The McBride Market Report
Washington DC Year End 2013
Growing Pains: New Development + Tepid Demand
The final quarter of 2013 saw growth on multiple levels: inventory, absorption and vacancy. 1.7 Million square feet of office space was added to the Washington, DC Metro Area inventory, which now consists of 10,000 buildings totaling of over 468 Million square feet. (Note: the DC Metro Market is far and away the 2nd largest office market in the USA.) Demand grew as well, but at a much lower rate. Approximately 245,000 square feet of office space was absorbed during the 4th quarter and the overall vacancy rate swelled to 14.1%. Simply put, there’s been a significant disconnect between supply and demand for new office space. Looking at the entire year, 2013 saw a meager 750,000 square feet absorbed, while inventory expanded by close to 4 Million square feet. Growing supply and vacancy have contributed towards lowering asking rents and increasing concessions. With another 5 Million square feet of new office inventory in the pipeline, 2014 portends a continuation of a tenant-centric market.
Significant indicators of ballooning vacancies witnessed last quarter include: 4 new buildings totaling over 1.2 Million square feet delivered entirely vacant and a significant number of large blocks of vacant Class A space. It may not be the 1980’s all over again, but for the first time in recent memory, we witnessed multiple brand-new, see-through buildings deliver vacant. Note that the new vacancies aren’t empty warehouses in off locations or data centers in the shadow of the Blue Ridge Mountains, but trophy quality office buildings in Arlington and in DC’s NOMA submarket. At year-end, over 30 buildings in downtown DC had large blocks (>50,000 square feet) of vacant space available.
Private sector demand for office space has shown signs of health, but government fueled growth stalled due to the sequestration and defense spending cuts. Until the public sector returns to providing some measure of steady growth, the DC market will continue to amble along the high-vacancy highway. We believe that significant government driven absorption is inevitable, but the timing of that demand is uncertain. Irrespective of the rhetorical battle over the scope and role of government, the fact remains that the true battleground is not whether government will grow or shrink. The only measure being contested is government’s rate of growth. Therefore, a return to driving absorption will occur, the only question is when. Of course given that there’s no end in sight to the high level of discord in Congress, we may have to bear through a few more election cycles before witnessing steady public sector demand again.
Although absorption is weak, transaction activity remains robust. Fortunately the clock keeps ticking and leases expire. Rolling leases in a softening market have also incentivized many tenants to negotiate renewals well in advance of their expiration date.

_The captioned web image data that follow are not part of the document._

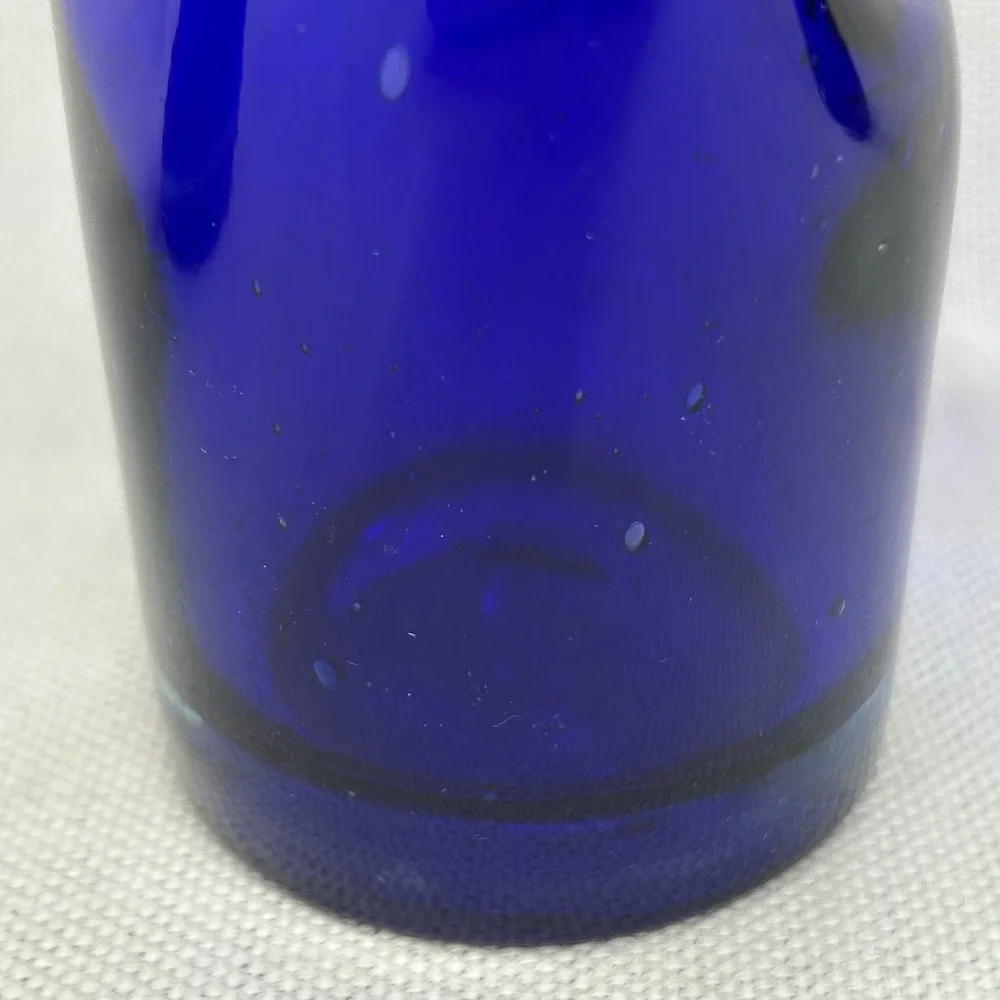 Hand Blown Cobalt Blue Art Glass Tumblers Set 3‎ Twisted Mexican Drunken Glasses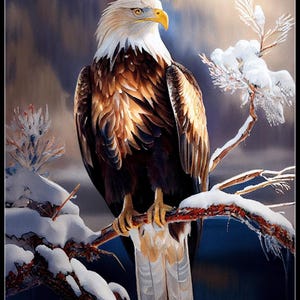 König Adler auf Schnee - Kreuzstichmuster - Druckbare Tabelle PDF-Format Handarbeit Stickerei Handwerk DIY DMC Farbe
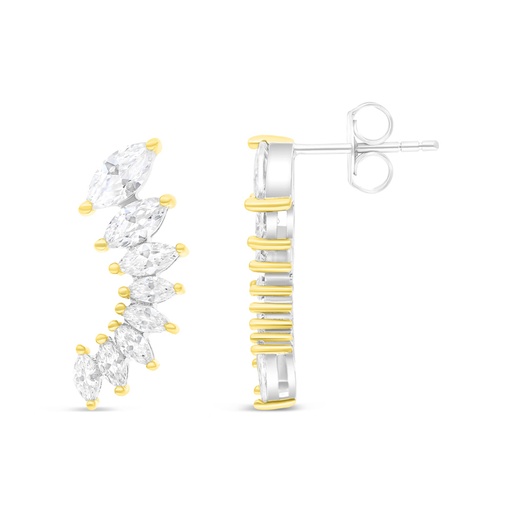 [EAR28WCZ00000B482] Sterling Silver 925 Earring Rhodium And Gold Plated Embedded With White CZ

Investment sales were also affected by governmental dysfunction. Washington, DC dropped from the top of the target list for the world’s institutional investors and some major office buildings were pulled from the market due to uncertainties generated by the government shutdown. Even so, sales volume remained strong and prices were slightly higher than 2012. Year-end 2013 sales figures were not available at the time of publishing, but through the 3rd quarter, average prices rose to $312 per square foot (up 1.25% over 2012) and average cap rates fell 11 basis points to 6.5%. Sales of institutional quality assets continue to command a significant premium. For example, 1200 19th Street, NW, a Class A 334,174 square foot building, sold for almost $886 per square foot ($296 Million), at a 4.4% cap rate.
Another still-open window of opportunity is the upside-down cost of owning vs. leasing. Traditionally, leasing has been the least expensive method of occupying office space. With the cost of borrowing hovering at historically low levels and sales prices remain flat, the cost of owning is frequently less expensive than leasing office space. Owning isn’t the right decision for every organization. However, if your organization is relatively stable in size and is able to pull together the equity required for a purchase, you may want to include purchase opportunities in your mix of options.
But What Does It Mean?
- The Vacancy Rate inside the Beltway grew to over 10% at the end of the year. Many suburban submarkets will continue to be “soft” (Vacancy Rates > 15%) throughout 2014.
- 5 million SF of new office supply is still under construction, buffering future absorption.
- Capitalizing upon “Owner Anxiety” results in great leasing terms.
- “Aggressive” deals should be available at least through 2015.
- For the time being, the cost of owning is still lower than renting in many submarkets. This phenomenon will vanish when interest rates and sales prices increase.
- Average asking rental rates dropped slightly. Generous concessions in the “A” and “B” markets have increased.
- Construction costs are increasing, but are made up for by larger concession packages.
- “Turnkey” build outs are becoming more common as landlords look to streamline the leasing process.